*Try it*: Using the records below, quote only the span that opens with the line containing "Zwei kleine Dosen" and closes with the line containing "Zebra Black and Blue Silhouette Favor Box", exactly and inclusively.

START The data

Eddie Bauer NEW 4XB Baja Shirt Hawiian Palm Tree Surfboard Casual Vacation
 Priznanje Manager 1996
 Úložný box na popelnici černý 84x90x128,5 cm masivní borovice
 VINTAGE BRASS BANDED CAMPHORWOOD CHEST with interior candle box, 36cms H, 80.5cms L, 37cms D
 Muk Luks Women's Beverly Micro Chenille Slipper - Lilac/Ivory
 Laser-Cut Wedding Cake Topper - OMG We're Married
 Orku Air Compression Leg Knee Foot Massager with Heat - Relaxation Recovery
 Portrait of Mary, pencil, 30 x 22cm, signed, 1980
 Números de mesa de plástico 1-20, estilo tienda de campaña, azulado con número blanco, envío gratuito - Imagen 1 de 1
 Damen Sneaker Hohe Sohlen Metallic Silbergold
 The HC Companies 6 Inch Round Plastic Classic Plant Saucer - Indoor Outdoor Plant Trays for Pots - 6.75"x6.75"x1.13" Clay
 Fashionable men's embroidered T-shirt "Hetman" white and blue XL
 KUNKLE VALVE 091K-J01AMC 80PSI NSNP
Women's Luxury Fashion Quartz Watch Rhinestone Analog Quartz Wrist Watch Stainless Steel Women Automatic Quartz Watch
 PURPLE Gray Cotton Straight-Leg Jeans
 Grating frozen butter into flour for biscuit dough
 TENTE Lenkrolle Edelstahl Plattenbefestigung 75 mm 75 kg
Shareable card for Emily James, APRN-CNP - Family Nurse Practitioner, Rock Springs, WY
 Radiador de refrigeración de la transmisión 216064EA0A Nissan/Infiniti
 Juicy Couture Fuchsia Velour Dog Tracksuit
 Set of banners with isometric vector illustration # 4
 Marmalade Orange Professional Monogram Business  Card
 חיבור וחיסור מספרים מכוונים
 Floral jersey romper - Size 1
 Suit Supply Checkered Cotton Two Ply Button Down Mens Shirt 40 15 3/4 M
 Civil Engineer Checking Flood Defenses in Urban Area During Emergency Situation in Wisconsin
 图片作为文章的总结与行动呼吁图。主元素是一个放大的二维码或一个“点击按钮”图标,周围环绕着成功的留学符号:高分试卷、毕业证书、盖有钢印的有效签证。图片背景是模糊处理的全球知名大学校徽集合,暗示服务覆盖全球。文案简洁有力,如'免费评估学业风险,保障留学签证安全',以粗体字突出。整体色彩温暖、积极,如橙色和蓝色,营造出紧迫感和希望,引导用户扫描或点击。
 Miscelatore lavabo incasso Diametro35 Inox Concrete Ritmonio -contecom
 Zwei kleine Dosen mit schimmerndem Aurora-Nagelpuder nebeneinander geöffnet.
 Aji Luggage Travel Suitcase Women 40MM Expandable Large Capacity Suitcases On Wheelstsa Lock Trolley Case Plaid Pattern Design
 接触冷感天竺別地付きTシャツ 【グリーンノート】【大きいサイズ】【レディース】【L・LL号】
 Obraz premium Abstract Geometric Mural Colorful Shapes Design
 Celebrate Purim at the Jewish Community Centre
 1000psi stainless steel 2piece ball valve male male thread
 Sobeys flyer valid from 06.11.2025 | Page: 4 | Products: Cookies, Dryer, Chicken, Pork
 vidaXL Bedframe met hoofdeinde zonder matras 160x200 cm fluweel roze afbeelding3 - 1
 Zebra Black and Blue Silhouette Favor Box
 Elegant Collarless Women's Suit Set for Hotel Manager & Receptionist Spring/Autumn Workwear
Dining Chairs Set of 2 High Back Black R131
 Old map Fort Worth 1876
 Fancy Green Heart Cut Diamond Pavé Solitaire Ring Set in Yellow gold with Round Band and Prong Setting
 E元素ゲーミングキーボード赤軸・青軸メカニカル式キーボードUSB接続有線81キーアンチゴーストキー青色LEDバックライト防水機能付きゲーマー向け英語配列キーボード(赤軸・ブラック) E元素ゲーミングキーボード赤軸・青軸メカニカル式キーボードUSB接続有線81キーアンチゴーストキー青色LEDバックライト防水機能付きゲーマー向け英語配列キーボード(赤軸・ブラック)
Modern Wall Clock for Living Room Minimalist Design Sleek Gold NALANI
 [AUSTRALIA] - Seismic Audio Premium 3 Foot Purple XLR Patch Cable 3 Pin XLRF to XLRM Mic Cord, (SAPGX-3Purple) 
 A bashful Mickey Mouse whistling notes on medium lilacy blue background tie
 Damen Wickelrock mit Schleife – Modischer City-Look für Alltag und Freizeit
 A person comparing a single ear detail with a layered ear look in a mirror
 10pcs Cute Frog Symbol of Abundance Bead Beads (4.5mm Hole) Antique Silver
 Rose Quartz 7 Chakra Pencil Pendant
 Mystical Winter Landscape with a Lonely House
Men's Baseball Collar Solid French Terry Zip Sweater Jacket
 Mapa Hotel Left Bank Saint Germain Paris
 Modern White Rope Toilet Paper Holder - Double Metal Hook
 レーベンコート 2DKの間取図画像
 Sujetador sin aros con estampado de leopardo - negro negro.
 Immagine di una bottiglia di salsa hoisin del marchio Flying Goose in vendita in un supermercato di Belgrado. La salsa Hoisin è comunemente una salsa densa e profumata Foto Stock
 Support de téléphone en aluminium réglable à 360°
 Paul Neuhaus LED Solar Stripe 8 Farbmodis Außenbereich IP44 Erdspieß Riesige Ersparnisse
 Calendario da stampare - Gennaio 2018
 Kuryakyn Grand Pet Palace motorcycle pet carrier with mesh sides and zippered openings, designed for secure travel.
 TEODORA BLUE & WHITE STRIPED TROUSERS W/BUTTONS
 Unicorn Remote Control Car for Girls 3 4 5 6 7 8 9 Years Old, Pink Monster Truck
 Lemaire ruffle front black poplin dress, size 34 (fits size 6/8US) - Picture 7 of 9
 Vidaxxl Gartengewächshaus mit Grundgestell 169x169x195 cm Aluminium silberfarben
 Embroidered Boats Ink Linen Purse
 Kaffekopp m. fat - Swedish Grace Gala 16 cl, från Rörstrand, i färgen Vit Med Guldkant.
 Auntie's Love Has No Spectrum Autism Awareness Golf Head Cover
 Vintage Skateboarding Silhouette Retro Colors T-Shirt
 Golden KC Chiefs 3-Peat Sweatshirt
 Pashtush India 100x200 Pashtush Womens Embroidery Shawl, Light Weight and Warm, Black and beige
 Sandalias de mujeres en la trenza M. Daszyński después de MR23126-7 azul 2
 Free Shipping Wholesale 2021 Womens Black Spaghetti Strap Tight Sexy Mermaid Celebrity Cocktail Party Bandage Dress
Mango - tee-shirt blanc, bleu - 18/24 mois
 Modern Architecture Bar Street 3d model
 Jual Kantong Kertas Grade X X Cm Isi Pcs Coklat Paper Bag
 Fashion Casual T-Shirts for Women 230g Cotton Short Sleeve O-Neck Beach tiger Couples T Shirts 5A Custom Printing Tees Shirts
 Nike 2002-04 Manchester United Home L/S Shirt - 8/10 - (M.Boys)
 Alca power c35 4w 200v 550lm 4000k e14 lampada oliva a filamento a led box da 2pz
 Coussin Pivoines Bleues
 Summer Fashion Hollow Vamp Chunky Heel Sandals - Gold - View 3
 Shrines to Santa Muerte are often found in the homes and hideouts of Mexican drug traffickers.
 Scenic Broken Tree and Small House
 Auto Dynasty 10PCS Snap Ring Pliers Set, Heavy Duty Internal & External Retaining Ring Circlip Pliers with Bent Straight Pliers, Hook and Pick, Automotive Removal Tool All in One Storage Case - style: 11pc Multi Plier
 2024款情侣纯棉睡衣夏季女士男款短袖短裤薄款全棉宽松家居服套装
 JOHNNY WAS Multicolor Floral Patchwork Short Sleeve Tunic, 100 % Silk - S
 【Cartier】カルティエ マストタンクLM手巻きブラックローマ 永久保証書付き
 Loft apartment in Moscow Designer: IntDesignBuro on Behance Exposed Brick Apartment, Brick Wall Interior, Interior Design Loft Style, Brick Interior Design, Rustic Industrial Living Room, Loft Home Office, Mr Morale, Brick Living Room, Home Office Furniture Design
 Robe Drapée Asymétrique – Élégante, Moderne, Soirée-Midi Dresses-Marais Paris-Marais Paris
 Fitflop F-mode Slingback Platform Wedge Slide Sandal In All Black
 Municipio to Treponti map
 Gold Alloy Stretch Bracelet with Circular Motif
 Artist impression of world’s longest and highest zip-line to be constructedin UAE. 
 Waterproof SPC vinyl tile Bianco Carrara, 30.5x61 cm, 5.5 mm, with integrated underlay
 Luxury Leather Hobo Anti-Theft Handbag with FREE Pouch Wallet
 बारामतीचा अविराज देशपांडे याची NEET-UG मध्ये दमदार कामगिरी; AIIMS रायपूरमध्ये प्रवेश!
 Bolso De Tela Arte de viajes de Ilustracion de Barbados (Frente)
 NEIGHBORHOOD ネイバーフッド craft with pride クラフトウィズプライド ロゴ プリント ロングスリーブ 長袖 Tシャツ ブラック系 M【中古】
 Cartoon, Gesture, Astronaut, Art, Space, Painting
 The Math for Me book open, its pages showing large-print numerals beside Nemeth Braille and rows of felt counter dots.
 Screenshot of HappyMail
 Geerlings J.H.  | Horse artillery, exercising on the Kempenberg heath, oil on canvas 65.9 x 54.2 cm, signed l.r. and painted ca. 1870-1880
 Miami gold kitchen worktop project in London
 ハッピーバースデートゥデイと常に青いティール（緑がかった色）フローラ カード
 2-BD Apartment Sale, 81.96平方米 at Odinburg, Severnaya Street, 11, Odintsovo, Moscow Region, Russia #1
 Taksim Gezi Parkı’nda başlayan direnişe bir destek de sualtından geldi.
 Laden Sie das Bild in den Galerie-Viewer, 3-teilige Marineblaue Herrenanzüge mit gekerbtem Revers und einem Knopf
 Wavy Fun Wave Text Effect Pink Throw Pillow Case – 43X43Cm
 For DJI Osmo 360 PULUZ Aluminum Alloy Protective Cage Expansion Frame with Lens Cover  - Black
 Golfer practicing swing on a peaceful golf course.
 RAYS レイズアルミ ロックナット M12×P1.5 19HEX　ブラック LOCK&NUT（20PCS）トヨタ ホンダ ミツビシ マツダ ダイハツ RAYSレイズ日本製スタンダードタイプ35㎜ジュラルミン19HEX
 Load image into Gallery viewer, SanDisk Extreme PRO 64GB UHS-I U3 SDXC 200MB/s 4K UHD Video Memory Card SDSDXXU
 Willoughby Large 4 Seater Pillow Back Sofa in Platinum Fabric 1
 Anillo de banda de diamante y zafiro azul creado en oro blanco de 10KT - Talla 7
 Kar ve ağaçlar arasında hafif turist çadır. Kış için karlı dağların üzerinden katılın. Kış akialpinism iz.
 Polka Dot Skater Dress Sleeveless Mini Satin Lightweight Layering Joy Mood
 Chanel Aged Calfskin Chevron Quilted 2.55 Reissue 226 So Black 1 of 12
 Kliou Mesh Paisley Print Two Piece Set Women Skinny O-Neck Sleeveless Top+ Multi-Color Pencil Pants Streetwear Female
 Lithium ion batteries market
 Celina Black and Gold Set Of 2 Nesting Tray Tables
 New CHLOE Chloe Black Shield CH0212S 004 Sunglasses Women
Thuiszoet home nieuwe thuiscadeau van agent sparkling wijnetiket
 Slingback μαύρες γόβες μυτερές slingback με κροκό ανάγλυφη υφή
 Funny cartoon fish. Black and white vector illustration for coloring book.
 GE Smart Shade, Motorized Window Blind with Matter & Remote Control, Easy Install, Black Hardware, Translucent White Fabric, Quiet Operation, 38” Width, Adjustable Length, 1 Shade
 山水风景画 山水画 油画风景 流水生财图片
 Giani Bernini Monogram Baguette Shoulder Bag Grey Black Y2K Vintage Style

END The data

*Response*:
 Zwei kleine Dosen mit schimmerndem Aurora-Nagelpuder nebeneinander geöffnet.
 Aji Luggage Travel Suitcase Women 40MM Expandable Large Capacity Suitcases On Wheelstsa Lock Trolley Case Plaid Pattern Design
 接触冷感天竺別地付きTシャツ 【グリーンノート】【大きいサイズ】【レディース】【L・LL号】
 Obraz premium Abstract Geometric Mural Colorful Shapes Design
 Celebrate Purim at the Jewish Community Centre
 1000psi stainless steel 2piece ball valve male male thread
 Sobeys flyer valid from 06.11.2025 | Page: 4 | Products: Cookies, Dryer, Chicken, Pork
 vidaXL Bedframe met hoofdeinde zonder matras 160x200 cm fluweel roze afbeelding3 - 1
 Zebra Black and Blue Silhouette Favor Box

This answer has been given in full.